--- START ---

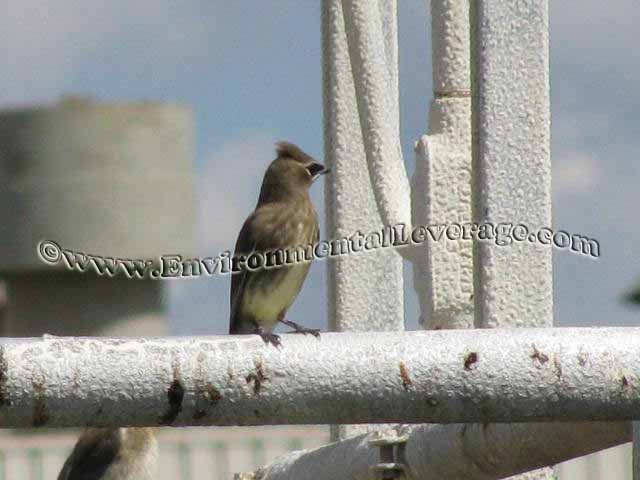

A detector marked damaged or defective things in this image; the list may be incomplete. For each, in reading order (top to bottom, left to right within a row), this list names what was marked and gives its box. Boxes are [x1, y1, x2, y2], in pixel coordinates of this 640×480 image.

rust spot on pipe [244, 362, 266, 396]
rust spot on pipe [462, 352, 478, 372]
rust spot on pipe [528, 344, 552, 364]
rust spot on pipe [32, 378, 48, 428]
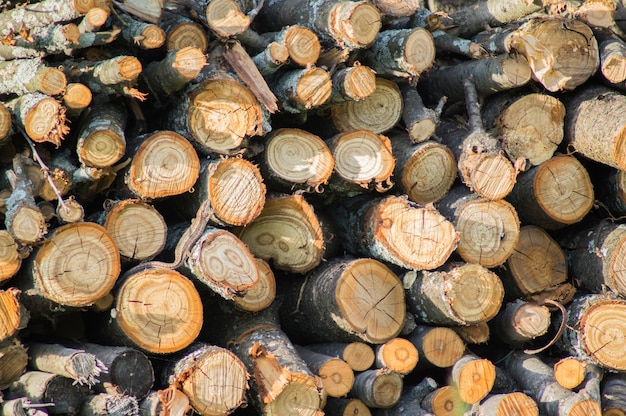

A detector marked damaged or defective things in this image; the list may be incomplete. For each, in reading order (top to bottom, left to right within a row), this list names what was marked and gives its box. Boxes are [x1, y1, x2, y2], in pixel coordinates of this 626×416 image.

splintered wood edge [125, 132, 197, 200]
splintered wood edge [116, 270, 202, 354]
splintered wood edge [334, 258, 402, 342]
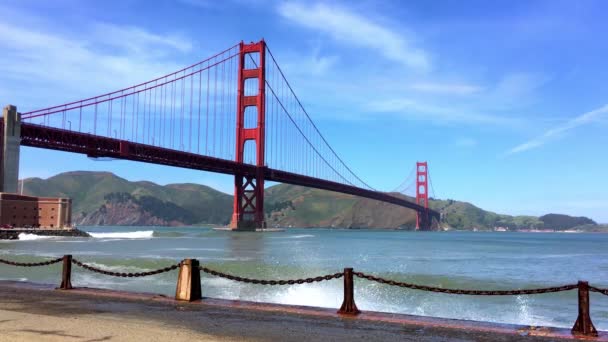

--- END ---

Goal of the exercise: Exclude all images and restate the records above word for word.

Task result:
A detector marked damaged or defective things in this image; the list may be incomplete. For each, in reading order (top to bottom, left to right within a row), this list names what was marked and gives its box. Boxes are [x1, y1, x2, y2], in pixel coordinates of this 640×480 image.

rust spot on pipe [244, 362, 266, 396]
rust spot on pipe [462, 352, 478, 372]
rust spot on pipe [528, 344, 552, 364]
rust spot on pipe [32, 378, 48, 428]

A detector marked damaged or defective things in this image; the list may be incomplete. For each, in reading order (top to bottom, left to right within a row), this list names what was marked and gives its box. Boxes are [x1, y1, x2, y2], in pixel coordinates of this 626×416 image.

splintered wood edge [125, 132, 197, 200]
splintered wood edge [116, 270, 202, 354]
splintered wood edge [334, 258, 402, 342]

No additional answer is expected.